Hello everybody,how are you?My name is brigitte from france,but i live in south america.Well i wanted very badly to learn how to make the cripsy rice cereal(like the one from kellogs..) but to do it myself.I want to do them to make the crispy rice marshmellow treats,but i dont have the cereal available and besides would love to learn to do it myself.I was checking in many websites but i cannot find anything about the crispy rice itself..All I could find was thaty is fine rice grain that is cooked..dried..and baked..but ..what about how to go about doing this three steps and finishing with something similar to the crispy rice from kellogs .If nobody knows this..does anybody know abother way to make the rice to be used for this sort of marshmellow rice treat??I would greatly appreciate any comments or recepies!Merci en advance!


----------



## free rider (May 23, 2006)

It can't be done at home, as far as I know. It requires special equipment. The first lot was made by shooting it out of a cannon, a Spanish-American war cannon, if memory serves me correctly.


----------



## norma (Jun 4, 2006)

Bonsoir Brigitte,

I don't know where you are in South America, but in Brazil they have that specific cereal that you are looking for. 
It's called "flocos de arroz" from Kellogs.
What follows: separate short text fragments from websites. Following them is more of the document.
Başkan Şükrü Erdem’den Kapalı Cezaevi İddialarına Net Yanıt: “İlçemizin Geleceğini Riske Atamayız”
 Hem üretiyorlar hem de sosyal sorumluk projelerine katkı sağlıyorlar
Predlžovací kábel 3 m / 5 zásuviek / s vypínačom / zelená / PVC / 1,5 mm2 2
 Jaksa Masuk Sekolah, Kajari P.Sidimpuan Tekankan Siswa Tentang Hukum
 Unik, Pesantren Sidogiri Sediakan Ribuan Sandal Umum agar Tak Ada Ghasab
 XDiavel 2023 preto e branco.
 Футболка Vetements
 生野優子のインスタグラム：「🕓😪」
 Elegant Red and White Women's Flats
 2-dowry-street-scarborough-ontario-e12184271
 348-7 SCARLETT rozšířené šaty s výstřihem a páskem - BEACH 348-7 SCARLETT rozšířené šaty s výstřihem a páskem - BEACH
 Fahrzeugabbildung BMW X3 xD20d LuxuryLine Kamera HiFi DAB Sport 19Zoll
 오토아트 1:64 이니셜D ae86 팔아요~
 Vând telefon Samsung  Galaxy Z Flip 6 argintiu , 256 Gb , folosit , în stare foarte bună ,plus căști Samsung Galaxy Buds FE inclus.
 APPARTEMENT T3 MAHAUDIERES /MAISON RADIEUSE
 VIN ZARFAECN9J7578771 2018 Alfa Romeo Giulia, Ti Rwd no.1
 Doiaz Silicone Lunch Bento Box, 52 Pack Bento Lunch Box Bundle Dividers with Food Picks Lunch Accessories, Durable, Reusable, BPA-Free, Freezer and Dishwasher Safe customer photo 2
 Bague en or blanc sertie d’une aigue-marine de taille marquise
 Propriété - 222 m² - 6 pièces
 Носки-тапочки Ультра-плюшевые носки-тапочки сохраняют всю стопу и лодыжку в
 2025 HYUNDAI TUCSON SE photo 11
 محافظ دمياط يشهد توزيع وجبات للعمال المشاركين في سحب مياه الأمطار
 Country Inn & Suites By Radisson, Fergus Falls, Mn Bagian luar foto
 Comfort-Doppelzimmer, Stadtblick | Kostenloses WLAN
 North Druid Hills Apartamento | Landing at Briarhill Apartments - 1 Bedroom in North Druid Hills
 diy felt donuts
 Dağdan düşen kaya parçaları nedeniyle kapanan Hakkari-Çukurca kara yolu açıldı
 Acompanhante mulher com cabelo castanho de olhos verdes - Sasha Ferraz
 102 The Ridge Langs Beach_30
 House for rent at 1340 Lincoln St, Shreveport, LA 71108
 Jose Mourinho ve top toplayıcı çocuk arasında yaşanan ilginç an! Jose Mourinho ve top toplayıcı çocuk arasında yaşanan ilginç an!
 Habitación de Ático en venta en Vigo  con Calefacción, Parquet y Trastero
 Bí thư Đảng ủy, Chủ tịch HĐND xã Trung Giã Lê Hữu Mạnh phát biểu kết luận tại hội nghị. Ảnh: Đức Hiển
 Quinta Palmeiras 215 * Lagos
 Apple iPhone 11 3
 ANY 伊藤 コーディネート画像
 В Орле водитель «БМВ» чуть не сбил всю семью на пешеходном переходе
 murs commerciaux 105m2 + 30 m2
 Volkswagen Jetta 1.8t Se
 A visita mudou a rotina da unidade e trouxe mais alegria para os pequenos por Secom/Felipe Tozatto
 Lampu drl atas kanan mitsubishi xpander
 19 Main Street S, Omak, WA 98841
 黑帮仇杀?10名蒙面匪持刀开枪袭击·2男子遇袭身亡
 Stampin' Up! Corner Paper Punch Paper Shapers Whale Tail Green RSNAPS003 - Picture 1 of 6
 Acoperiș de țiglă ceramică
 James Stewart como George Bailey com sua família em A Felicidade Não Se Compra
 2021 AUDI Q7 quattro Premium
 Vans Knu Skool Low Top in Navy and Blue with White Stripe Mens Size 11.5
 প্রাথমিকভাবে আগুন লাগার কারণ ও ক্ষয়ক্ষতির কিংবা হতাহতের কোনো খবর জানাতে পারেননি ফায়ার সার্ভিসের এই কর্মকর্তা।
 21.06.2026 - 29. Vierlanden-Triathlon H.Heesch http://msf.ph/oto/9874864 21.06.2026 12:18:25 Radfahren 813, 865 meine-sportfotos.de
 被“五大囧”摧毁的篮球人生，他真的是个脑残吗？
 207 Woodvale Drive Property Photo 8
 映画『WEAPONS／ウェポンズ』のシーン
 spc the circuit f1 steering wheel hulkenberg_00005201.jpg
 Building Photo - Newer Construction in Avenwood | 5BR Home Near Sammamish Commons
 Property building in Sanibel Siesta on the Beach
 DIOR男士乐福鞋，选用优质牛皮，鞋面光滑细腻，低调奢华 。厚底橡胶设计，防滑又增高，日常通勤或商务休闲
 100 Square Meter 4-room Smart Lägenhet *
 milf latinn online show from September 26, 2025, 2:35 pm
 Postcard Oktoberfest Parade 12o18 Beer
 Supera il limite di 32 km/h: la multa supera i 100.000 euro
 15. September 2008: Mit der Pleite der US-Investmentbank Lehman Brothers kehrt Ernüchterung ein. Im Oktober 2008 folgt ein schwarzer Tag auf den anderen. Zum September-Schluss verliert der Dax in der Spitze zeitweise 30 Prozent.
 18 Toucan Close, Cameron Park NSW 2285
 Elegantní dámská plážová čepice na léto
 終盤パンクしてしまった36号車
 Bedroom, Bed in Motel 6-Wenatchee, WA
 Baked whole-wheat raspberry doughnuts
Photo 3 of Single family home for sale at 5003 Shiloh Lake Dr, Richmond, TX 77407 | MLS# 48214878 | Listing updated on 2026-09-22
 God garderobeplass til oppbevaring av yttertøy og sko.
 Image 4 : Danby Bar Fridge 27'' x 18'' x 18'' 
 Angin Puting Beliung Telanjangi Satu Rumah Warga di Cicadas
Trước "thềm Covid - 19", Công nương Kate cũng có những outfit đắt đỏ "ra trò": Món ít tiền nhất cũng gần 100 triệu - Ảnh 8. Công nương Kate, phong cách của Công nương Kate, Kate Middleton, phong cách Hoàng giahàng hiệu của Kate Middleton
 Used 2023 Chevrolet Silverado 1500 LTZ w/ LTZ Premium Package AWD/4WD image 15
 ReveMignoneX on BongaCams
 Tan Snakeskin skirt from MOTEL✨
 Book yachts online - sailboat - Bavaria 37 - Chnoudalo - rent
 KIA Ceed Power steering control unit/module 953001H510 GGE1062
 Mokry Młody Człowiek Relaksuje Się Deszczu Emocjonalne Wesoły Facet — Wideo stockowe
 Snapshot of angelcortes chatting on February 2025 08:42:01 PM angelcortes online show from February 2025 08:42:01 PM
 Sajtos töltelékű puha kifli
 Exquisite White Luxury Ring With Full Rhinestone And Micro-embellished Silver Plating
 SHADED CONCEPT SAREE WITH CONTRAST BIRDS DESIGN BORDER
They have also "Choco Krisps" which is the same thing but, covered in chocolate. 
Go to www.sucrilhos.com


----------



## norma (Jun 4, 2006)

Sorry Brigitte, the website is Kellogg's and the one that is covered in chocolate is called Choco Krisps. Very taste with milk!


----------



## [email protected] (Mar 16, 2008)

Maybe you are looking at the wrong aisle...they are usually located where the breakfast cereals are...


----------